Exile is the worse of all possible things, for there is nothing worse than being cut off from ones people, especially when they are struggling to overcome oppression but you cannot be there with them to share their daily round, their pain and suffering. Internationalism is fine but ones national liberation is always ones priority, even though we know oppression is worldwide and thus the fight is everywhere.
So we got down in Canada, organizing and spreading propaganda. Of course the Toronto Star newspaper claimed twenty thousand black Muslims had invaded from the South (USA). There were about three of us brothers, and I was soon joined by Sister Ethna (Hurriyah) who fled an abusive relationship with her husband in Philadelphia. She had left me soon after we returned to San Francisco from Fresno and hooked up with a brother she thought she really loved. Ethna didn't stay long in Toronto because my money was real funny. Surely you know how women are when a man's money is funny. After several weeks of committing adultery, she departed for her hometown of Chicago. I was heart broken but stayed the course, a least for a few months.
I furthered my Islamic training after meeting brothers from the Middle East at Juma prayer service at the University of Toronto. One of those who mentored me was Hussein Shahistani. Hussein was a Shia who taught me my prayers in Arabic and also told me about the Muslim Brotherhood in Egypt who were persecuted for years under successive governments, including the regime of the great Arab nationalist Gamal Abdul Nasser. The Brotherhood teachings are the ideological and spirtual foundation of Hamas which recently fought a battle in Gaza against the Zionists. Hussein told me not to worry too much about events in the Middle East since they have been going on for thousands of years.

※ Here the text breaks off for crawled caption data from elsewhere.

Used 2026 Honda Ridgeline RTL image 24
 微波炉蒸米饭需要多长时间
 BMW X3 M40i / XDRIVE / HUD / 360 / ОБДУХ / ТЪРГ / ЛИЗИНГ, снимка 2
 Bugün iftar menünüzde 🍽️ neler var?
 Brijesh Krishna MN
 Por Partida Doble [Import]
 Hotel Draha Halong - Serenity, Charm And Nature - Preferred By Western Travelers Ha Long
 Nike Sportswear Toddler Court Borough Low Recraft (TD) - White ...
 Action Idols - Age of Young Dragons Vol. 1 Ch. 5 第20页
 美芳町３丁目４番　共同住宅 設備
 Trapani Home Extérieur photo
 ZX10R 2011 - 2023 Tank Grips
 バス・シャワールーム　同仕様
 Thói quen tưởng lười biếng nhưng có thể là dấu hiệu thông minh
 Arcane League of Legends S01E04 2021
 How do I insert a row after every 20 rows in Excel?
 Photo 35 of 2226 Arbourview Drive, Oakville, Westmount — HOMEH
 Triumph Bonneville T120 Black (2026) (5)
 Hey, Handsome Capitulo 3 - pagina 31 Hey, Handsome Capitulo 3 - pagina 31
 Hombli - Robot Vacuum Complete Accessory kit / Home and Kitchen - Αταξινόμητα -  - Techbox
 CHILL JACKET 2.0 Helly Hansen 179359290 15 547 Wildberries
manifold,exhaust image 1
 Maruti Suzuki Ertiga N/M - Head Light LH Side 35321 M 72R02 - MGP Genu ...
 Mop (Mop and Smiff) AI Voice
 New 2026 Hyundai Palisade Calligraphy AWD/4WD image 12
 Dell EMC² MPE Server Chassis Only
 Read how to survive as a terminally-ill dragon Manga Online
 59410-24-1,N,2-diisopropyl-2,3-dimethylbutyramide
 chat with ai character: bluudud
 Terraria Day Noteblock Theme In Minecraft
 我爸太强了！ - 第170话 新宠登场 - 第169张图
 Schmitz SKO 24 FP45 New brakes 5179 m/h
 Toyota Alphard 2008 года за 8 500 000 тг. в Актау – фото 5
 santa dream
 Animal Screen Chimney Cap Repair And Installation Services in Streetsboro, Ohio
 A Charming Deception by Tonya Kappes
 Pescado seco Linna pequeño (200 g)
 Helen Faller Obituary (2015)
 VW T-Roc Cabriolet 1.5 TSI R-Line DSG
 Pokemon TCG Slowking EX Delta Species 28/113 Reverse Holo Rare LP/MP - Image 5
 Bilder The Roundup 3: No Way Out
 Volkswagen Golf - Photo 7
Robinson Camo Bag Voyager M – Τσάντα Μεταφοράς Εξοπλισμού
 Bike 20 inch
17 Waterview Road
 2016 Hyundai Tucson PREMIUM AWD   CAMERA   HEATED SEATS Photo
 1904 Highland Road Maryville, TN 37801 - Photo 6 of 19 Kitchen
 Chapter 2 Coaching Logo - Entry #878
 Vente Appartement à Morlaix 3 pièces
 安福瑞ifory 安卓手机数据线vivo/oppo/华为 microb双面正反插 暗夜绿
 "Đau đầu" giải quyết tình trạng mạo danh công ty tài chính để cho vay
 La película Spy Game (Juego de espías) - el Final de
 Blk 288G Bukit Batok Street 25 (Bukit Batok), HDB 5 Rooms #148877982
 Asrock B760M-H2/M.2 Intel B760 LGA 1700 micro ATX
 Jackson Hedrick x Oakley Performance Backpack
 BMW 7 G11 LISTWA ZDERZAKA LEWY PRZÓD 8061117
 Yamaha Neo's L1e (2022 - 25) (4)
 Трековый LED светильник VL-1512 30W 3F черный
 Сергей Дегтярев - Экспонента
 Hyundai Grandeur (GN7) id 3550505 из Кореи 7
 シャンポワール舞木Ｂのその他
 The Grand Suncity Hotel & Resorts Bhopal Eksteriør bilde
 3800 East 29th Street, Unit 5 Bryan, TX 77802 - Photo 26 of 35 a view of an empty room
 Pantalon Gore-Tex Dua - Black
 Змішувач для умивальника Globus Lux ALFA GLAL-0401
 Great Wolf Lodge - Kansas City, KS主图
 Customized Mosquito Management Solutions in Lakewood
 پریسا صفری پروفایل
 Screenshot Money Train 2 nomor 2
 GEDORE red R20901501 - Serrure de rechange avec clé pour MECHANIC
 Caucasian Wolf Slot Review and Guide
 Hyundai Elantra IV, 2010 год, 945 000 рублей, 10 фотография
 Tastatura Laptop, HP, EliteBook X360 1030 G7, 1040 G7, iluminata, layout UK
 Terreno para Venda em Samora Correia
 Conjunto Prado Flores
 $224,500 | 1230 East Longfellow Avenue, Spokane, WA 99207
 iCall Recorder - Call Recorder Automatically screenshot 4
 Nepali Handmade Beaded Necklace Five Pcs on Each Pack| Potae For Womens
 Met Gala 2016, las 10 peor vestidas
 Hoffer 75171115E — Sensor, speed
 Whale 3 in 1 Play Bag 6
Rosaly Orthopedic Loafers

He was president of the Muslim Students Association of the United States and Canada and told me of his desire for a Nation of Islam similar to the notion of the Honorable Elijah Muhammad. Hussein became a nuclear scientist and returned to his native Iraq. He was persecuted by Saddam Hussein and imprisoned because he refused to work on Hussein's nuclear weapons program. Somehow he survived persecution and today is the Minister of Oil and a close associate of the Grand Ayotollah Sistani.
Meanwhile back in the States, events in the Black Panther Party happened rapidly. The first Panther attack was focused on the Richmond police who killed Denzill Dowell, a young black man. The killing of Dowell made headlines in the first issue of the BPP newspaper, edited by Elridge (Minister of Information) and layed out by Emory (Minister of Culture). Eventually Samuel Napier would become Minister of Distribution. And then there was the invasion of the State Capital with Panthers displaying unloaded weapons which was legal at the time, i.e., until the Panthers. The devil always changes the rules when you master the game. And then there was the shootout between Huey Newton and Officer Fry of the OPD in which the officer was killed and Huey wounded. Reading of events in exile made me happy to be in Toronto, although I wanted to be home to partake in the struggle. Eldridge would tell me years later, "Yeah, Huey shot the pig. We took the gun and threw it into the Bay."